That quote came from Wisconsin athletic director Barry Alvarez. He said it to Pete Thamel and me after the Badgers’ victory over Ohio State in 2010. Alvarez wanted to distinguish between Wisconsin's smashmouth style and the version of the spread Buckeyes coaches had installed to best utilize quarterback Terrelle Pryor’s talents. What Wisconsin played, Alvarez implied, was real football.
Alvarez is on the committee. So is Arkansas athletic director Jeff Long, a former graduate assistant under Bo Schembechler who hired Bret Bielema away from Wisconsin to run a program that is schematically similar to Alabama and LSU in Fayetteville. So is former Nebraska coach Tom Osborne, who elevated the option to an art form. (Though the option has always been a bit of a rebel offense, so Osborne may be a wild card.) If committee members, most of whom have a generational attachment to the same brand of football Saban loves, consider what Alabama and Florida State do to be real football and what everyone else does to be something else, that would give the Tide and Seminoles an edge as the committee deliberates among teams with very little margin between them.
It’s understandable why the College Football Playoff would assemble a committee full of people who have accrued a lot of valuable life experience. The playoff wants people who have built up some equity, because equity is required for credibility. But having members aged 54 to 77, as this committee does, creates a different kind of diversity vacuum. As members roll off the committee, director Bill Hancock should consider adding some (relative) youth. There have to be a few retired NFL players in their 20s or 30s who pay close attention to college football and didn’t go into college coaching or the media. Those would be the ideal candidates. They would bring fresher experience with the game and a different perspective because they didn’t grow up with the same game the other committee members did.
Of course, a current committee member accused of such a subconscious nostalgia bias could make a salient point using recent history. Four of the past five national champions have utilized an old-school approach. That's three Alabama teams and last year's Florida State squad, but the facts are the facts.
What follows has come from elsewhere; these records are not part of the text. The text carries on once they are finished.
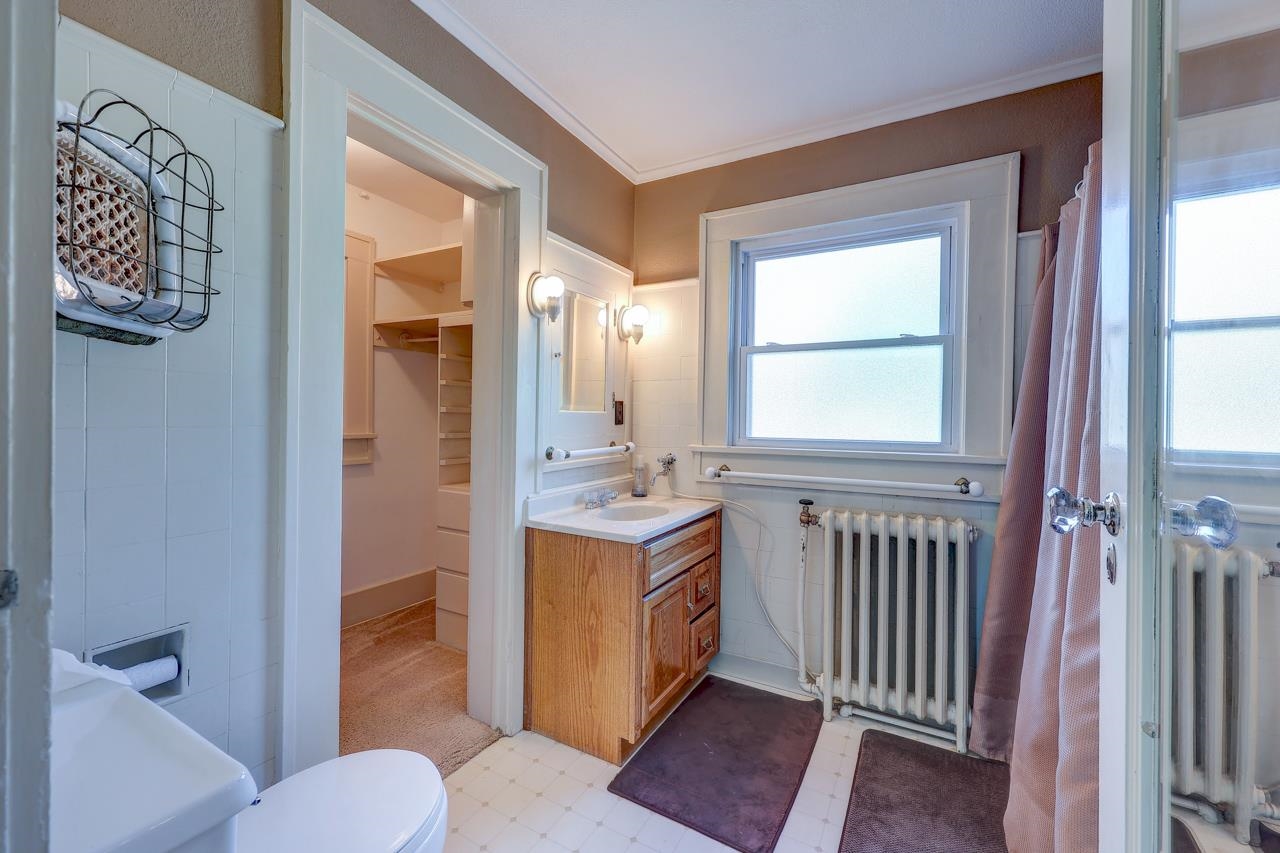 811 E 10th Ave, Winfield, Kansas image 28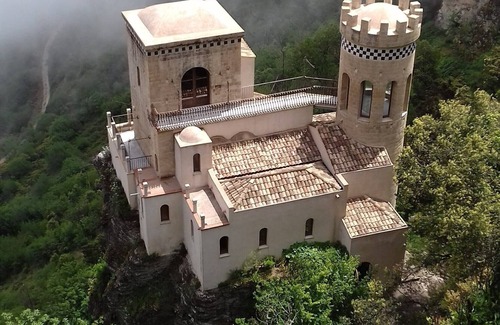 Erice Apartment | Bella Vista Guesthouse - apartment 1 via Chiaramonte No. 23
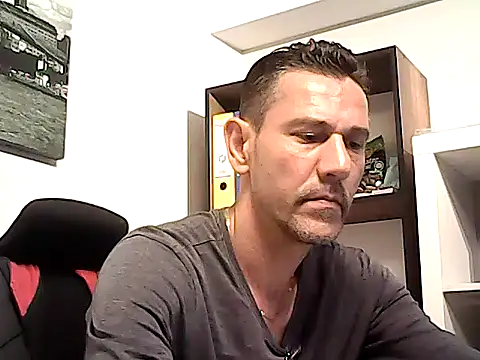 mastercharisma35 (Ask my age) - like ???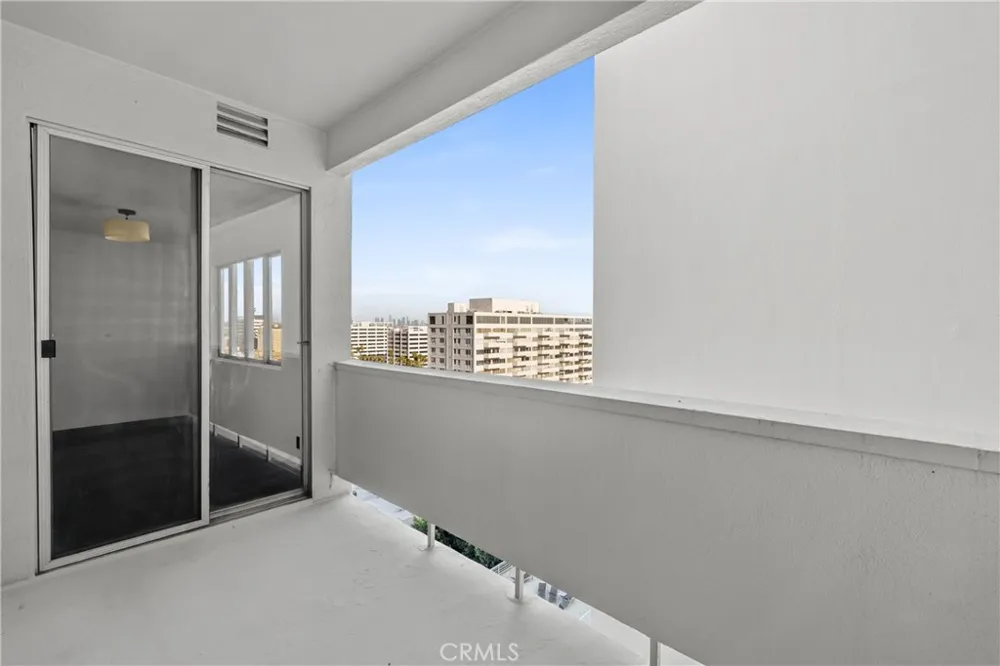 7250 Franklin Avenue #804 Los Angeles, CA 90046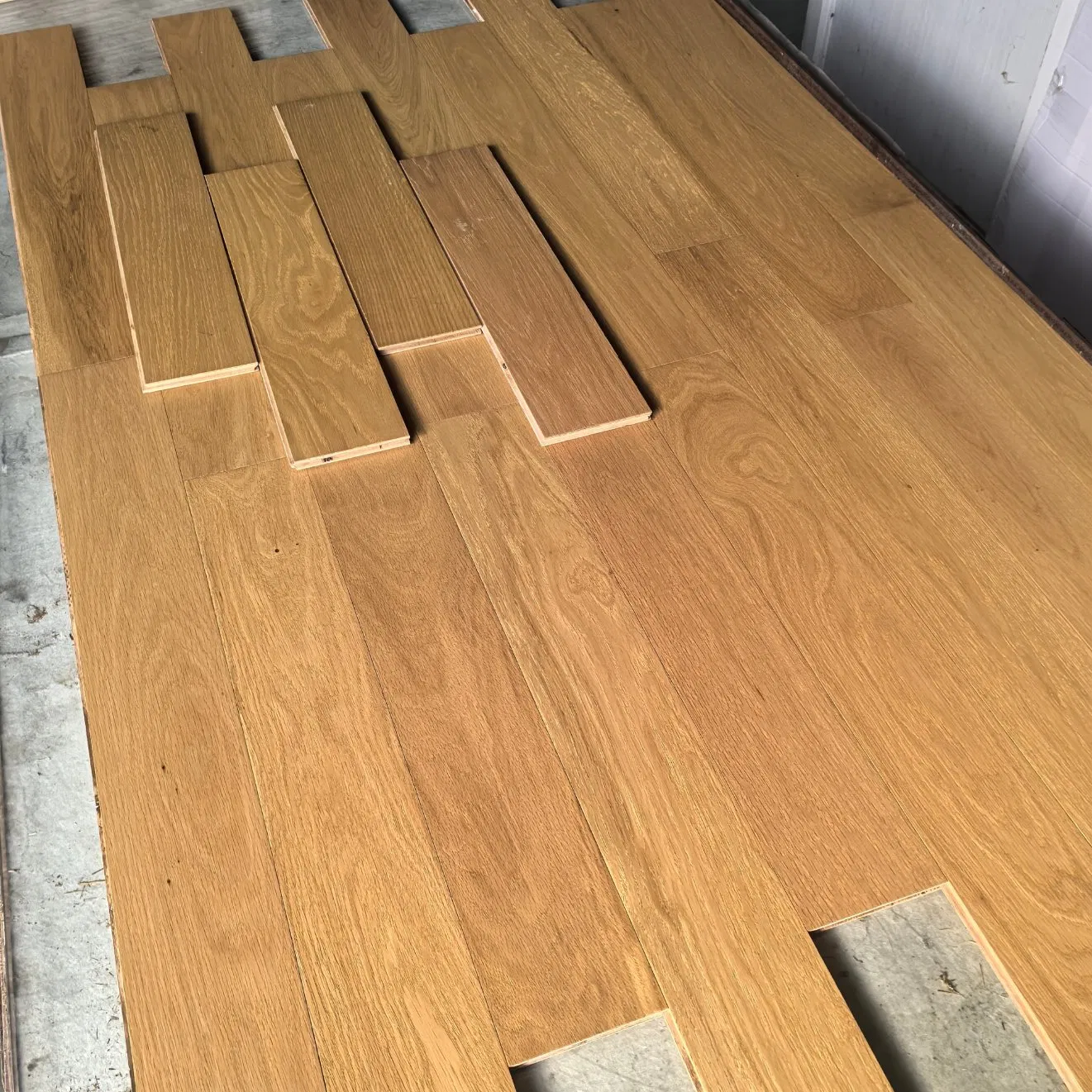 Wide Plank White Oak Flooring Multilayer Solid Hardwood Natural 15mm European Oak Engineered Flooring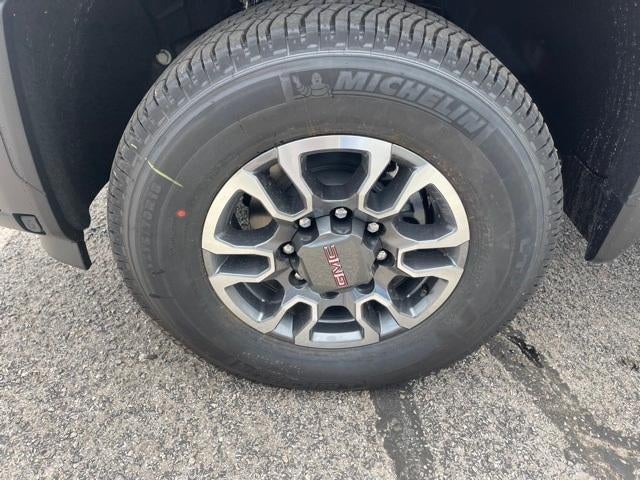 2025 GMC Sierra 2500 HD Crew Cab Long Box 4-Wheel Drive SLE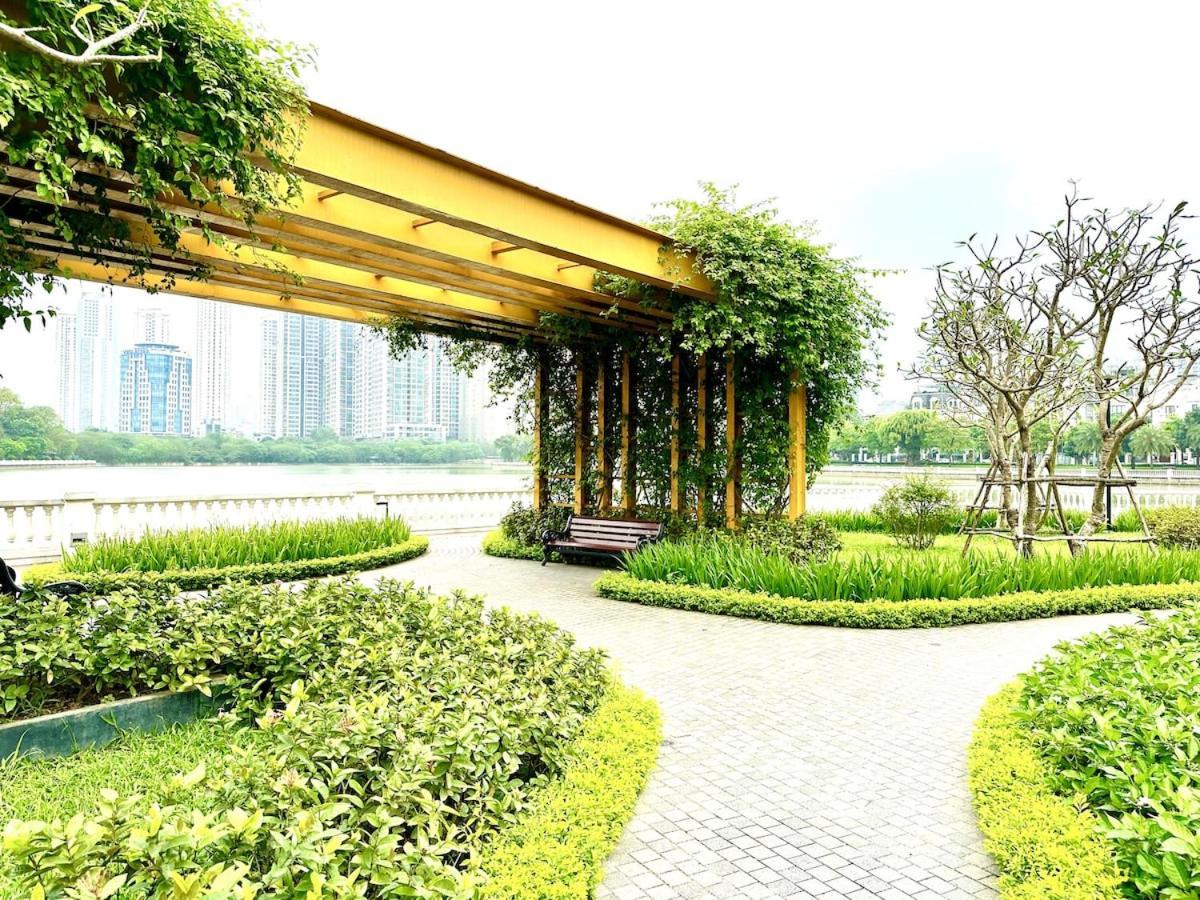 Căn hộ Lux Studio, Center Position, Quick To Airport, Next To Marriott And Nation Convention Centre Hà Nội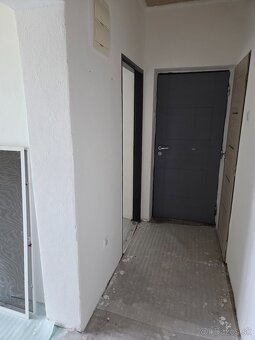 Predám 3 izbový byt v Topoľčanoch - 8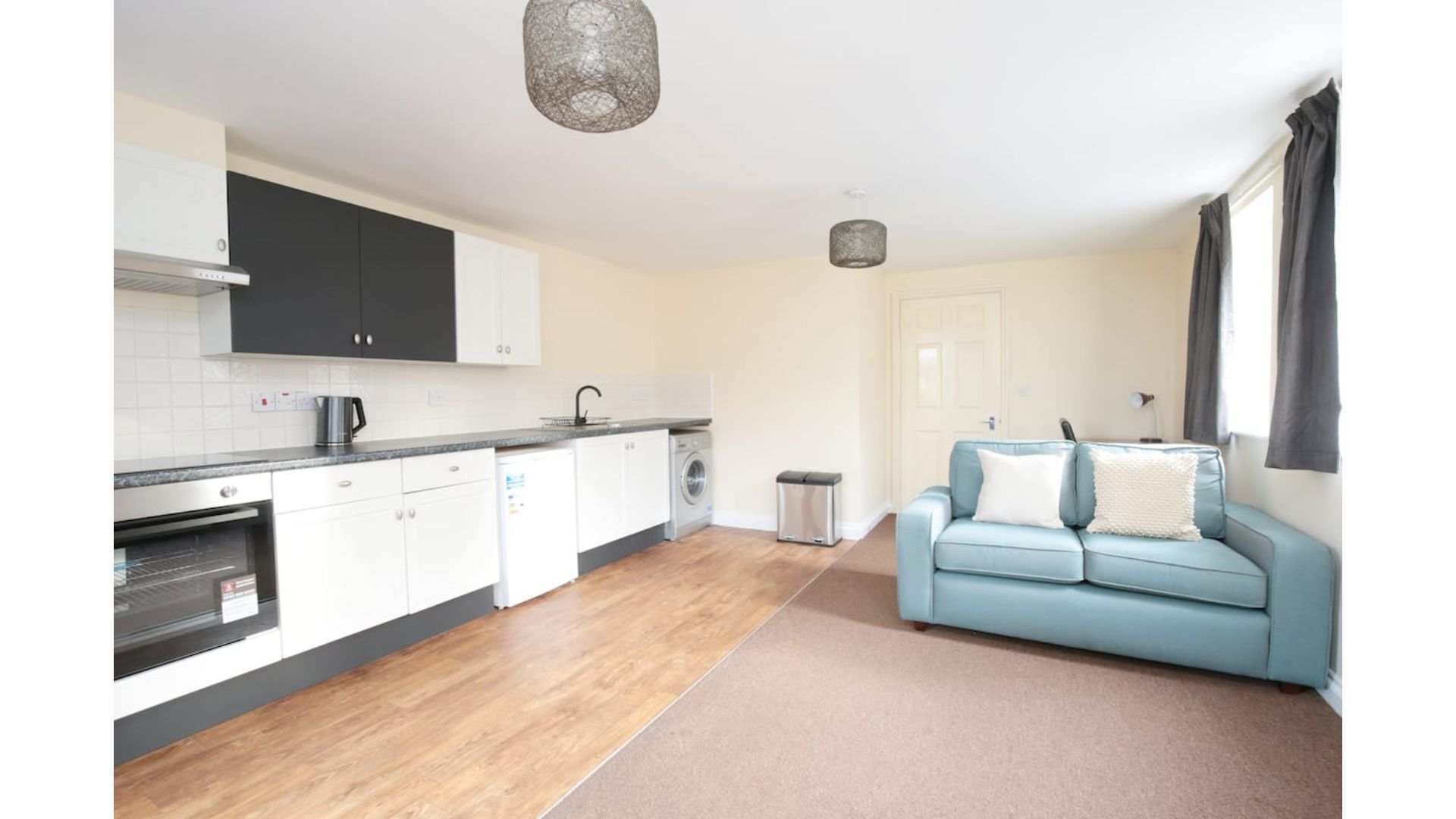 Pass the Keys | Spacious, Ground Floor Flat + Parking - Oxford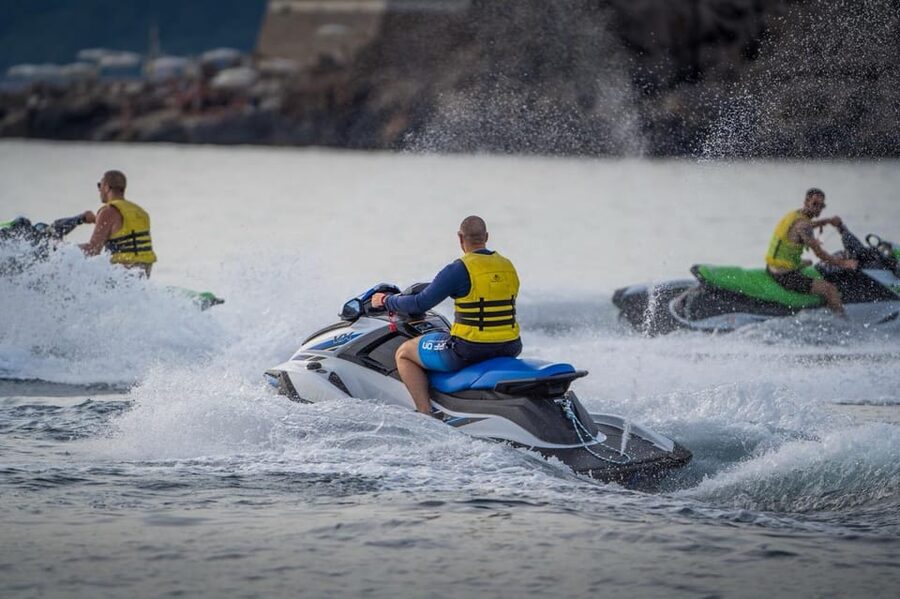 Dubrovnik: Jet Ski Tour - Seeing Lokrum Island from the open sea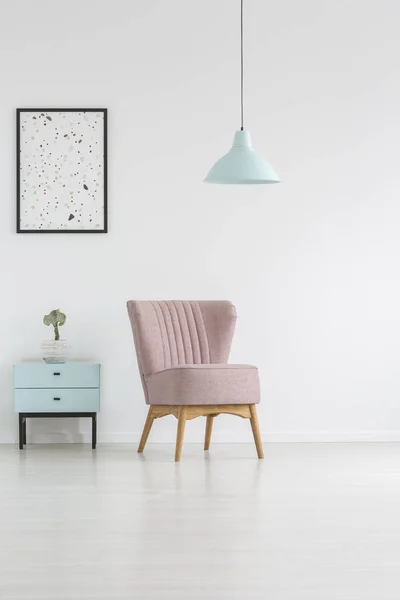 Lampa Nad Růžové Židle Vedle Modré Skříňky Rostlinou Bílé Ploché — Stock fotografie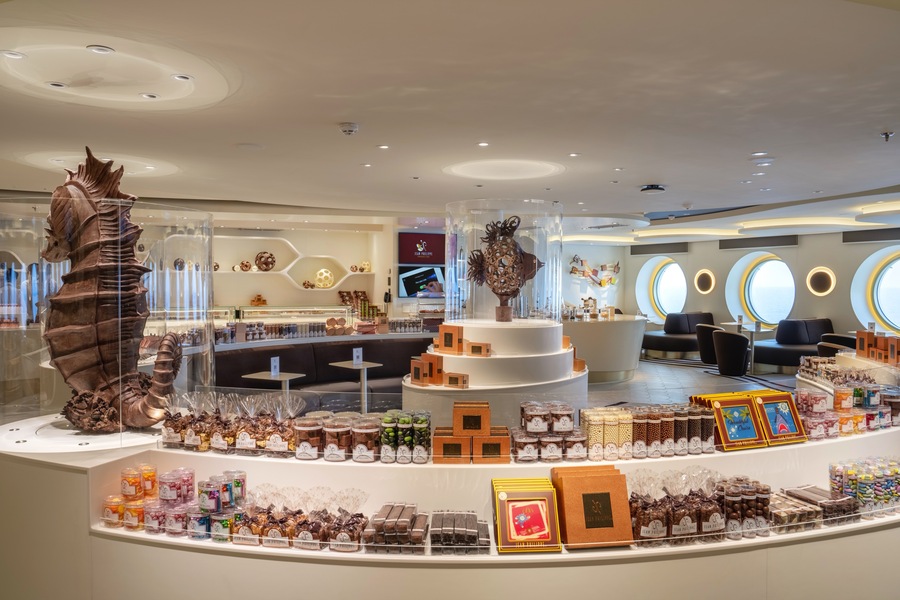 MSC Cruises MSC World Class Jean-Philippe Chocolate and Café ©MSC Rights, Ivan Sarfatti 5.jpg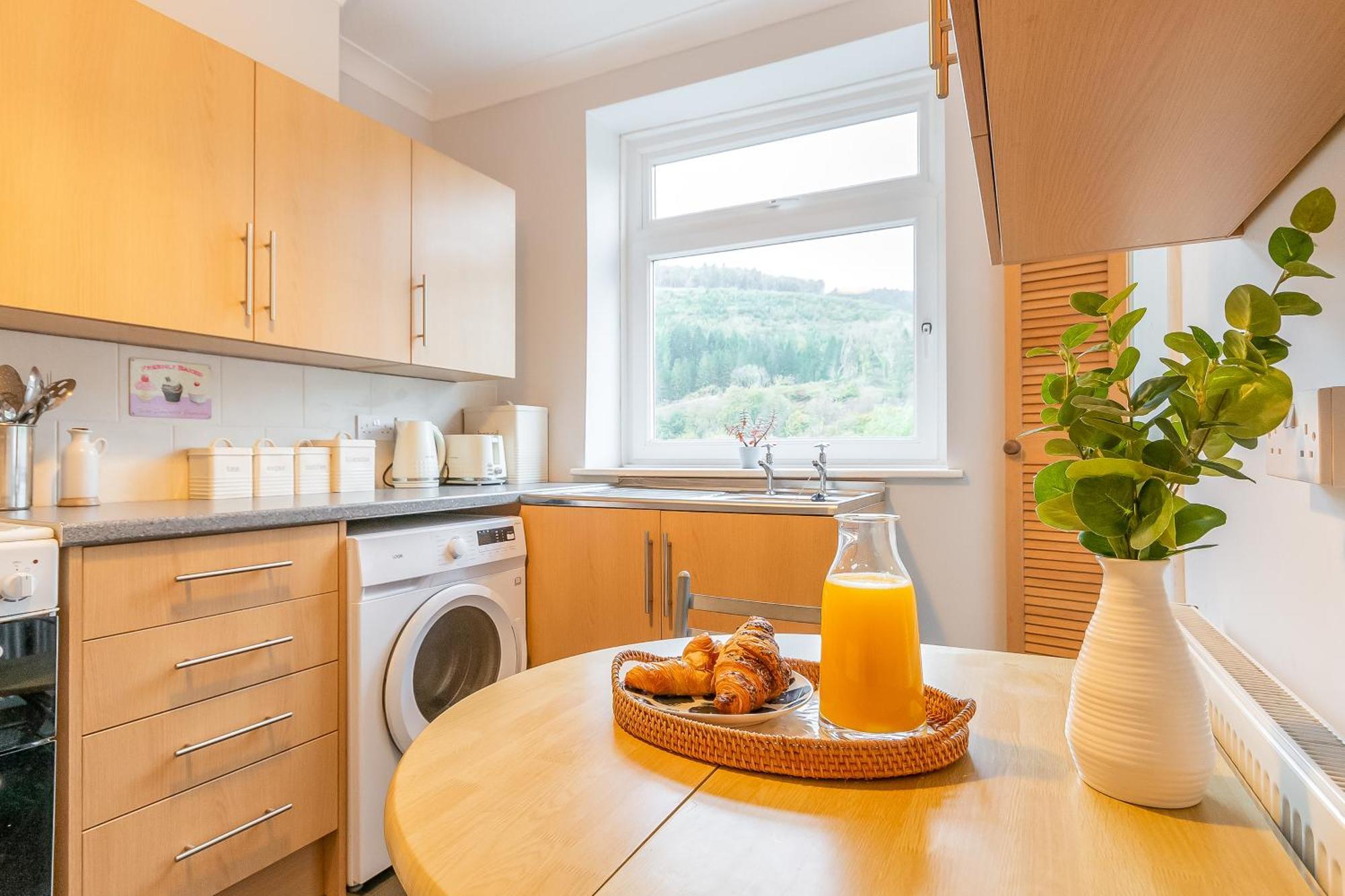 The View Spacious Apartment In Afan Forest Bike Park By Staystaycations 塔尔伯特港 外观 照片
That style has been awfully effective at winning national titles.
• STAFF: Saturday Snaps: Breaking down Week 11 in college football
Also, some committee members may break ranks with their generation. West Virginia athletic director Oliver Luck and Clemson AD Dan Radakovich employ football coaches who run up-tempo spread offenses. USC AD Pat Haden fired current Bama offensive coordinator Lane Kiffin and replaced him with Steve Sarkisian, who favors an up-tempo attack.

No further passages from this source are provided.